What happens then? Some say they know; have crossed over and come back. Who am I to question them? I can only wonder, hope, and believe.
I’m wondering this morning if life itself isn’t one long, dramatic birth canal that carries us to places we’ve only read about, dreamt of, and imagined.
My mother is 96. She lies in her bed … old, frail, a mere shadow of the woman she’s been. She’s unresponsive, for the most part, and time is growing short. Soon, she will be gone.
But on that other side I see her emerging, young and beautiful, running into the arms of my Daddy, who passed four years ago. Truth is, I believe that, in many ways, she is with him now.
Beginnings — endings. The circle of life. All of it a painful, and wondrous, and a miraculous journey.
What the caterpillar knows as an ending, is the beginning to the butterfly.
The depth and breadth of the things in this building suck the oxygen out of the room.
- First exhibit, childhood. Promises to hold, support, love … to encourage and protect. They lie in pieces on the ground, dusty and forgotten. Forgotten to everyone but me. Check check check. Check check.
- Up the escalator to the mezzanine, is high school, and teenage years. Potential recognized and undermined. The remnants of hope’s fire, a burnt offering of the dreams held there. A young girl with no one to reflect back to her the truth of who she was, gifts she brought, or the light she shined.
- Shattered glass on the second floor, shards of a dark and betrayed relationship. Two beams glow bright, the children born, and a third, the tender flame of one who left too soon.
- Top floor, on golden shelves sit baskets, overflowed with bit and pieces, half-made promises of friends and family. Those whose only real crime was that they failed themselves before they ever could fail me.
- The ceiling above is open to the sky, dark and starry. Constellations weave a spiderweb, a language all their own. They tell of secrets yet revealed, and assure me that … no matter how it seems, I am not alone.
There’s been a lot of loss lately. Death. People much younger than I am, going home. “Home.” And yet, here I sit, typing on my laptop. Wondering, “Why them, and not me? I’ve pretty much done all I came here to do, right?” And the answer is, apparently not. If it were true, you’d be home too, Cece.
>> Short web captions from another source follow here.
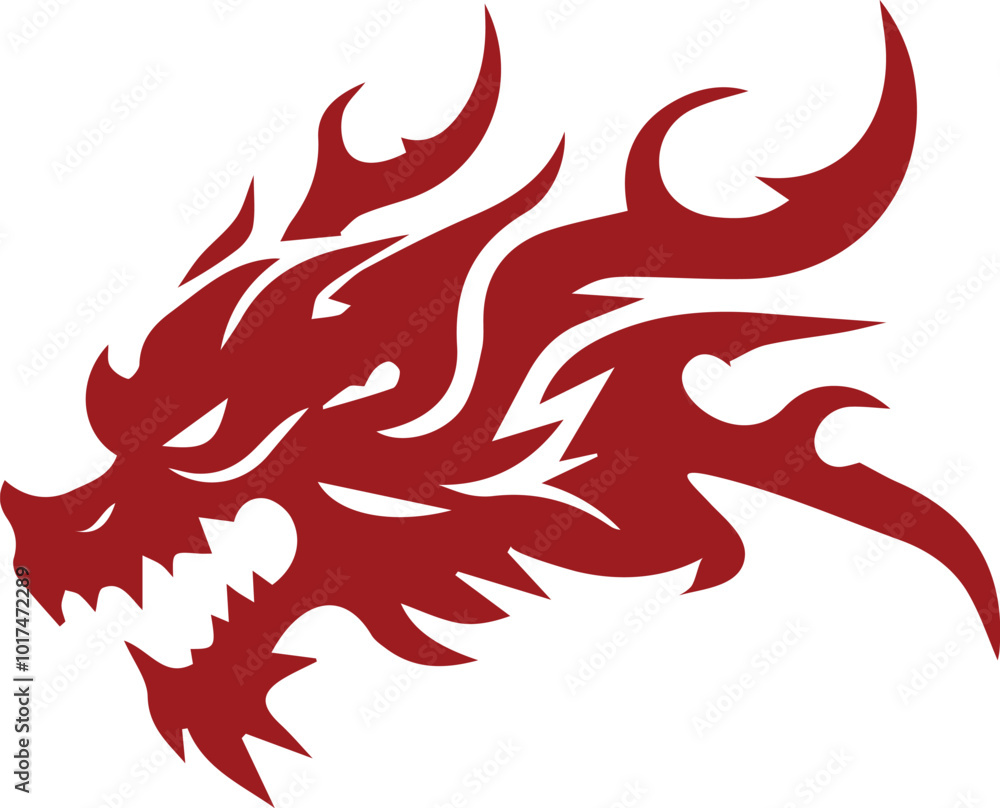 Naklejka premium red dragon tattoo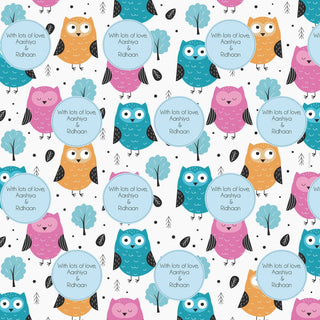 Personalised Wrapping Paper - Sweet Owls  (10pcs) (PREPAID ONLY)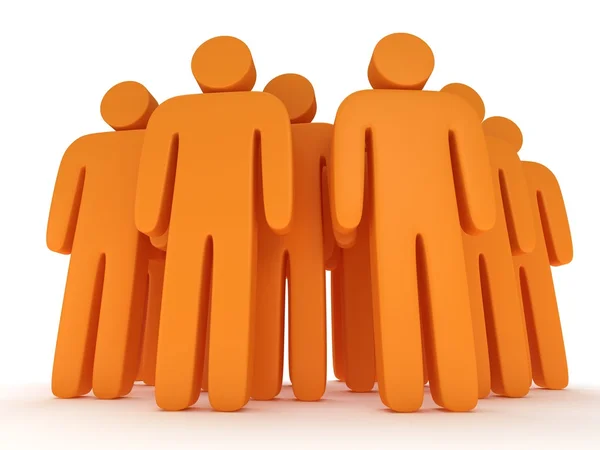 Gruppe stilisierter orangefarbener Menschen steht auf weiß — Stockfoto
Breathe.
Sometimes I feel a fleeting pang of jealousy. They’ve reached their final reward. I grieve the loss of their presence, but I’m very clear about the fact that God’s timing is perfect. Who am I to question that? And who am I to think I’m done here … I’m the boss of me, alright, but not to that extent.
There’s much to learn from these people who have gone before. How did they live their lives? Whose lives did they touch? And when the final moment came, were they ready? I pray so. And I wonder if I’m as ready as I think I am …”All the days ordained for me were written in Your book before one of them came to be.”
I’ve seen the accounts of people who were pronounced ‘legally dead‘ but who ended up coming back. They’re still with us. What they said, every one of them, is that they had to be told, “It’s not your time. You must go back.” In other words, they were happy to be where they were: home.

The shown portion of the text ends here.